We are half way through day 4 and this is the first moment I’ve had to sit & write! As expected we are having an amazing time seeing amazing things in amazing places. As I write this I am sitting on the verandah at our lodge (Mara Ngenche Camp) looking over the Mara River. I can hear countless birds in the surrounding bush, and there are around 20 hippos basking on a sandbank in the river. This morning I was woken early by the sound of an elephant feeding just outside our tent (it sounds like tearing grass, in case you are wondering). This is Kenya!
We are spending the first 5 days in the Maasai Mara. The trip is timed to coincide with the annual wildebeest migration. The whole area is teeming with wildlife. We’ve seen wildebeest (of course), zebra, gazelles, hippos, lions, cheetah, leopard, giraffe, eland, impala, topi, crocodiles, eagles, vultures and more. We’ve watched a lioness tending the cutest cubs imaginable, around 1 month old. We saw a cheetah kill a small gazelle and drag it to a safe place for her 3 cubs to feed on. We waited a long time peering into a gully because we heard a rumour that there was a leopard in there, and we rewarded by a close encounter with that most magnificent animal. We watched hippos basking in mud and fighing one another.

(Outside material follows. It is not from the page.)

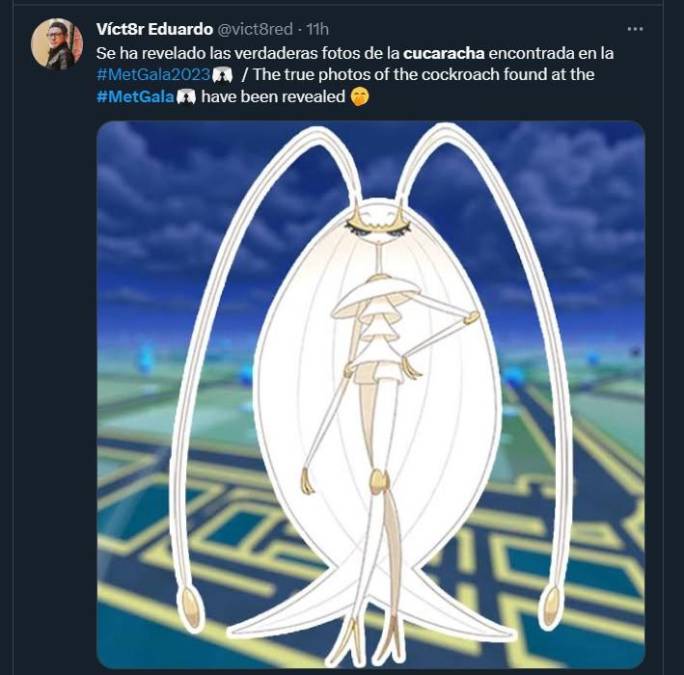 meme de cucaracha en la met con vestido blanco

But this is the Migration Safari and the sheer numbers of wildebeest and zebra is mind boggling. We drive through plains covered with animals stretching to the horizon in every direction. Impossible to count, for the most part they are quietly grazing in the long grass, and we all are just gob-smacked to be here and in the midst of it all. The money shot, the holy grail is to see a “crossing” – the spectacle of massive numbers of wildebeest and zebra crossing the river, hoping to escape the jaws of the hungry crocodile who lie in wait. From watching the National Geographic Channel I imagined there was a steady stream of animals crossing the river untill they all reached the other side, but in fact most of the time they just mill about. While they are in this area they can cross back and forth several times, or not at all. Eventually they do all get across, but you need some good fortune to be in the right place at the right time for a crossing.
Fortune did indeed smile upon us and on our first day no less. We sat by the river for some time watching animals come down to the river to drink and think about crossing only to pull back at the last minute. We could see at least a dozen crocs on the river banks. Large numbers of animals were gathering, when suddenly one took the plunge and jumped in, That was all it took, and soon hundreds were following and we had pole position. It was an awe-inspiring sight!! We saw a couple of large crocs take out an unfortunate wildebeest or two, and though we felt sorry for the animal we got great photos!
If all that wasn’t enough, we were up at 4 yesterday morning to take a sunrise hot air balloon flight over the Mara!!